Nobody ever looked worth the effort. Nobody felt remotely comparable.
And if I’m being brutally honest with myself, every orgasm I’ve had in six years involved one, or all three, of those men living somewhere inside my head, while my hand disappeared beneath blankets after Paxton fell asleep.
Which is humiliating to acknowledge internally, so I shove the thought away immediately.
Suddenly, Lena appears in the kitchen doorway waving dramatically to get my attention.
“Can I help carry anything else to the table?
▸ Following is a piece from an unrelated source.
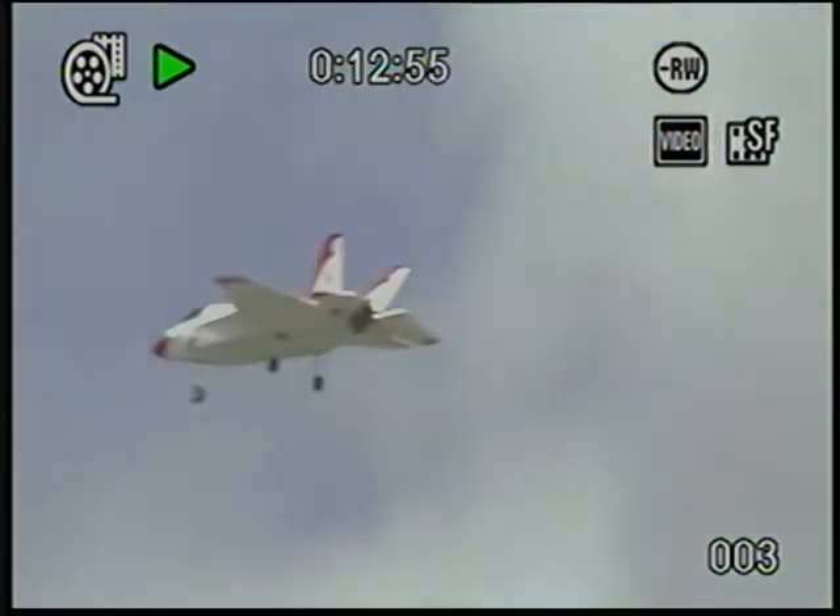We already know it flies good and looks good. I'll be glad when I get that. Lost power. I'm turning. Oh no.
“Yes, thank you, honey,” I hand her a few things to take, and she disappears with them.
Paxton appears behind her signing to me, I can carry napkins.
“That sounds perfect.”
From there, the two of them are a rush of motion, weaving around each other through the kitchen with complete confidence now.
Lena reaches for plates without asking where they are.
Paxton grabs more silverware from the drawer.
I watch them moving together while another strange ache settles low in my chest.
They look like siblings already.
Paxton trails after Lena everywhere now with complete trust while she naturally folds him into everything she does. Sometimes I catch her automatically slowing down conversations at school pickup so he can follow signs easier. Sometimes I catch Paxton holding her sleeve when he’s nervous.
And every single time, I realize how isolated he used to be before this, and I wonder how many other ways I screwed up as a mom these past years raising him.
Dinner’s nearly finished when headlights finally sweep across the front windows. Every person in the kitchen pauses instinctively.
Then before I can even fully process it, Paxton rushes to look outside before he visibly lights up and turns to sign to all of us, Viper.